70人が本棚に入れています
本棚に追加
転生者と初めての戦闘
「なに!?〝造形魔法〟も知らない!?」
武具屋に向かう最中雑談をしていたら、造形魔法の話題が出た。
エルももちろん、蓮も知らない。
当然である、記憶喪失なのだから。
『造形魔法って何?』
先ほど寄った雑貨屋で、小型のホワイトボードを買ってもらいそれで会話をしていた。
「記憶喪失って本当になんも覚えてねぇんだな…まぁ、説明すると〝造形魔法〟と〝無形魔法〟がある。まず、無形魔法が、これは一般的に現象を作る魔法だと知られてる。例えば呪文を詠唱して、魔法名を発すると、水の玉とか出たりな?これは適性属性がなきゃいけないけどな。

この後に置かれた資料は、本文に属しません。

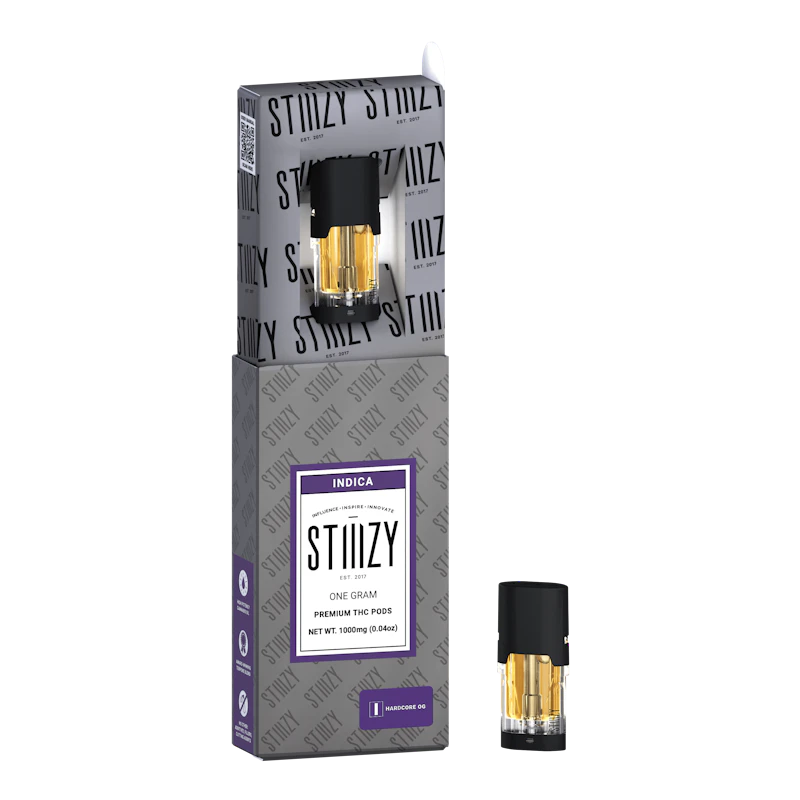 STIIIZY Vape - HARDCORE OG - PREMIUM THC POD 1G - IL, Cartridges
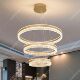Living room chandelier 2026 new Italian style minimalist high-end circular designer art lamp restaurant master bedroom lamp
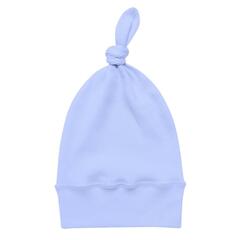 Шапочка с узелком (голубой)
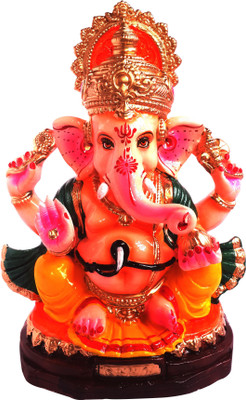 

Vipra Vidhit Ganesha Murti Decorative Showpiece - 24 cm(Terracotta, Multicolor)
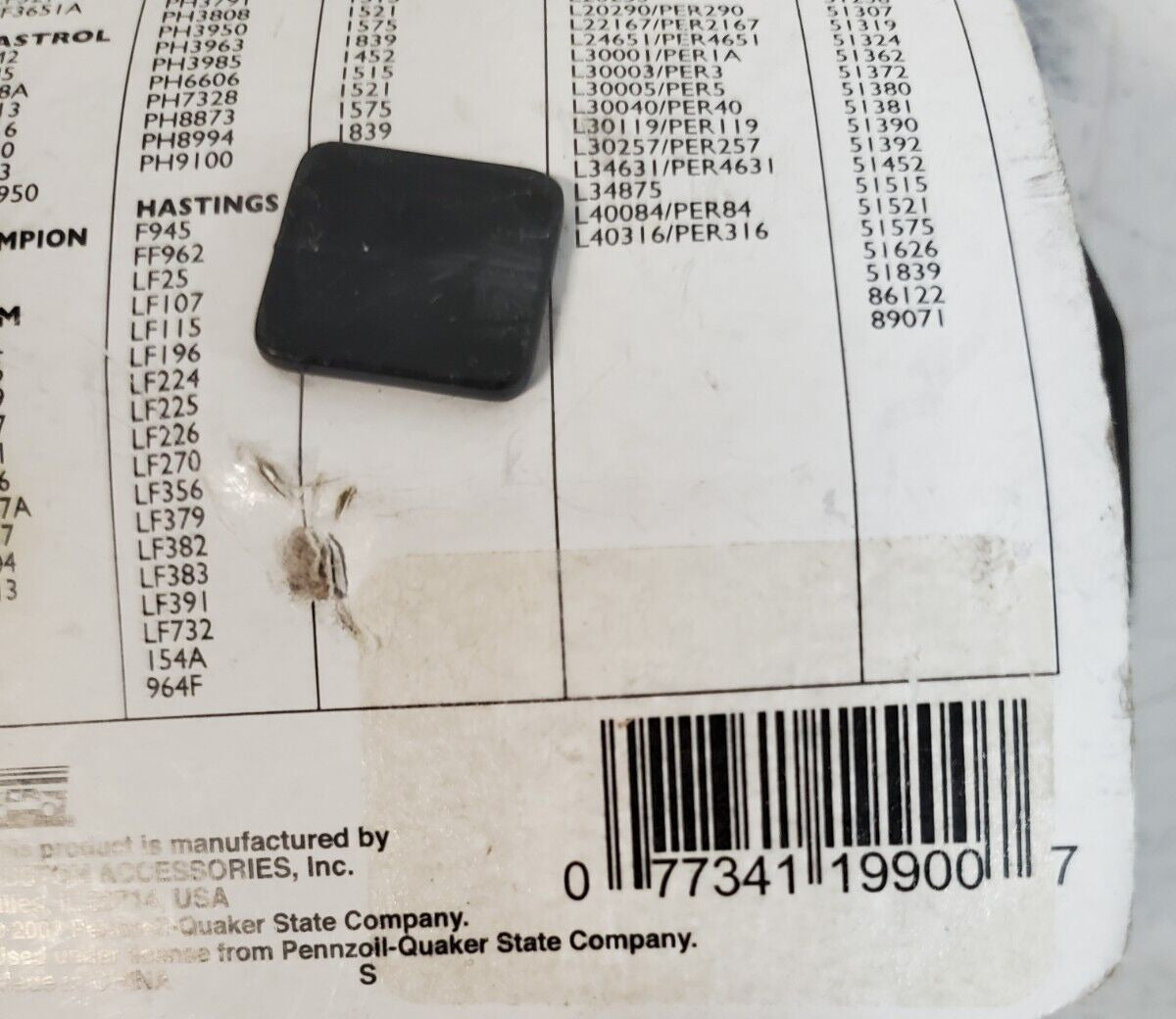 4 Qty. of Pennzoil Oil Filter Cap Wrenchs 15 Flutes 93mm | 19900 (4 Qty)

次に造形魔法な、これは誰もが一つ必ず持ってんだ。俺の場合はロードメイク《道造形》つって、何もない所に道を作る造形魔法だ。対価は魔力と物質だけどな!後で練習だな」
何も知らない蓮からしたら、ありがたい話である。
話してるうちに武具屋に到着した蓮一行。武具屋と書いてある暖簾を潜ると様々な武器が目に入る。
デッカい剣、長い槍、コンパクトな弓、連からしたら、そんな感想しか出てこない。
武器の名前なんて知らない、の一言である。
「クゥゥゥ、クゥゥゥ」
何かの気配を察知して、寝ていたエルは鳴き始めた。
「おっとこりゃ、エルはお目が高い…いやエルからしたら最悪か」
ガハハッと豪快に笑いながら一点を指差す、そこにはショーケースに飾られた一本のなんの変哲もない無骨な剣。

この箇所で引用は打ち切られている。